The rain fell relentlessly over the garden at the Quai Branly Museum for Lanvin’s Spring/Summer 2020 show. It poured on the models in their loosely tailored summer outfits. And it flowed over the transparent plastic umbrellas and waterproof capes provided for the audience seated in the soggy venue.
Except that the rain protection at this show was not plastic. As if! The capes were thoughtfully crafted from a maize-based recyclable material by Lanvin Creative Director Bruno Sialelli. At 31, he is one of a new era of millennial creatives for whom caring about the planet is a given, not an option.
“He’s very modern, very transversal; we wanted a designer who could have leadership and a global vision,” says Jean-Philippe Hecquet, CEO of Lanvin.

In early 2018, Fosun International, a major Chinese conglomerate listed on the Hong Kong Stock Exchange, acquired a controlling stake in France’s longest-running couture house. Fosun is the first Chinese company to possess a storied brand at the upper level of French fashion, although it already owns American luxury knitwear brand St. John and, since 2013, the French resort group Club Med, pioneer of aspirational vacations.

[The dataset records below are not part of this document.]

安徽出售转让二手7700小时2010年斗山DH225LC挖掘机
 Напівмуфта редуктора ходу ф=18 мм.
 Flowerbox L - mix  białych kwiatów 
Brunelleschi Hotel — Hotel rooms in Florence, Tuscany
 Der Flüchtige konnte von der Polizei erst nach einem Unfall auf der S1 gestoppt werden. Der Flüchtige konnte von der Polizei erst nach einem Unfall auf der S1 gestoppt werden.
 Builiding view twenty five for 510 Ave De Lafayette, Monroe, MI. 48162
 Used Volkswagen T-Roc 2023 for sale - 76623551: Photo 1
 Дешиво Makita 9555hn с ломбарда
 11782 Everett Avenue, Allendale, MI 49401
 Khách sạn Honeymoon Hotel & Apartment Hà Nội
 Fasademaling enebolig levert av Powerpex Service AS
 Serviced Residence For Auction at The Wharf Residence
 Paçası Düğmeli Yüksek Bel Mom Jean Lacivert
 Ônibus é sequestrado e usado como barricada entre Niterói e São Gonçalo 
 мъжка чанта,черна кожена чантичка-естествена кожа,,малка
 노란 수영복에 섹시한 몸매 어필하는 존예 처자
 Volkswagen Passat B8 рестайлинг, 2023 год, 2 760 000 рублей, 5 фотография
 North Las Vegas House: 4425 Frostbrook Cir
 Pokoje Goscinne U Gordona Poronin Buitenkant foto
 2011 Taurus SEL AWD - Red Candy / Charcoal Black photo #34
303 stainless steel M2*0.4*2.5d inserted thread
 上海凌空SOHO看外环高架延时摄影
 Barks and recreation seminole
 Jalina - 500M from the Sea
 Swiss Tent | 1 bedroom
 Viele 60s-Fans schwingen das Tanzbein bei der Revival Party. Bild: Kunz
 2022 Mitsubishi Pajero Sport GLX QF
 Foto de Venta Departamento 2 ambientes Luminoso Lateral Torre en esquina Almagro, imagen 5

To celebrate past and future, Fosun will mark Lanvin’s 130th anniversary by staging an exhibition at the Fosun Foundation in Shanghai. It will open on 6 December — the same day that the brand’s new concept store launches at the Bund Finance Centre (BFC) right opposite.
Lanvin is more famous for its past than its present — especially after the departure of Alber Elbaz, its much-loved Creative Director from 2001 to 2015. A revolving door of designers has succeeded him, before the brand’s owner, the Taiwanese investor Wang Shaw-lan, decided to sell.
Hecquet, whose career has spanned 11 years with Louis Vuitton in locations including Canada and Hawaii, was thorough in his choice of the new designer, who also acts as overseer of accessories and works with creative teams for the house’s different fashion sectors.